メールとデータベース関連のネタをもういっちょ。
世の中にはメーリングリストサーバーだとか、メルマガ発行システムなんていうのがある。
自分の仕事でもそういうシステムの開発をしていたりするのだが、メールサーバーってどれくらいの能力があるか知ってるかぃ?良くメーリングリストサーバーのスペックなんかを見ると数十万件/日とか数百万件/日なんていう”公称値”が載っているが、もちろんこんな閉鎖環境での試験結果を信じる馬鹿はいまい。
実際のメール配送は、DNSサーバーによる名前解決やWAN経由のSMTP通信など、不確定要素がたっぷり。
メールサーバーだけを稼動した純粋培養のサーバーマシンをLAN上で動かし、限られたメールアドレス宛に送信するわけではないのだ。
エンジン性能と実車の性能には種々の条件設定が絡んでくるのと一緒だ。

スパムなんていって、受信する方は辟易としているのが実際だが、いやいや敵もなかなか凄いですな。
膨大なスパムを高速に送信し、しかも身元を割らせない技術(多分複数のSMTPサーバーに分散しているんだろうな)というのは、学ぶべきものがある。
もちろん、スパマーめいた悪徳業者の倫理を賞賛しているのではなくて、その技術の話ですよ。

メルマガって大体、専用のアクセスURLや○○さんなんていう個別の差込データが入っているが、これらは当然定型メールではなくて、DBから取ってきたフィールド値を一度メモリ上に展開してから、1通1通の文面を生成している。
DBでリストを生成して、1件づつ読み出しながら文面を作成して、send・・・を何万回も繰り返すのだ。
自社で持っているこの手のツールでは、1時間5000通程度でチューニングされているが、このチューニングもなかなか奥が深い。
例えば1万通のメールをプログラムから送ると、メールサーバー(ここではsendmail)のプログラムは、面白い動きをする。
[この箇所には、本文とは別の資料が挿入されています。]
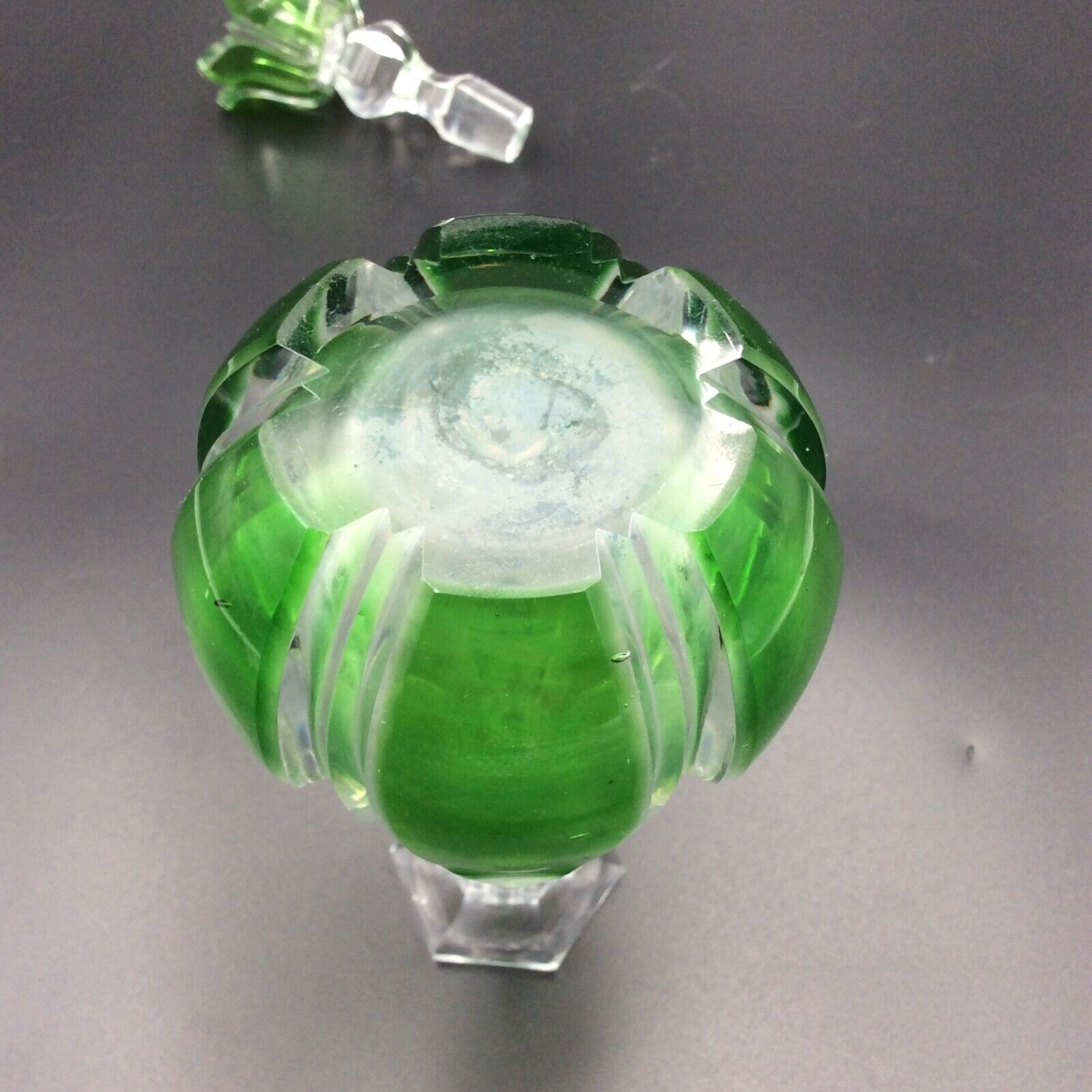Old green crystal bottle XIXème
始めの5分で1000通を送るなどのパフォーマンスを見せるものの、その後は膨大なキューの処理で追われ、頭打ちになってくる。一度に1万通の場合は、10時間経っても送信完了しないのだ。
そこで、始めの5分に着目して、1000通づつを10分間隔のジョブとして実行すると、あっという間に1000通を送り終わり、その後5分はアイドル時間・・・という動作をしたりするのだ。待ち時間を減らせばもっとたくさん送れるようになるし、複数のsendmailに分散しながらも1000通置きに送信すれば、望む件数を望む時間内に送信することもできるわけ。
メルマガ発行ってこれだけじゃなくて、実際にはアドレスの重複チェックとか、不正なアドレスの検出、retuenメールの処理なんていう面倒な仕事が待っているんだけど、基本的にはメール送信をいかに間違いなく”短期間で””サーバーリソースを無駄にしないで”送るのが重要。2重送信しないとか、でたらめなアドレス宛に送りつけて先方メールサーバーに負担をかけないとか・・。
届いて当たり前、送信できて当たり前・・とインターネットのキラーアプリケーション”メール”では要求される技術もなかなかに高度化していると感じる次第。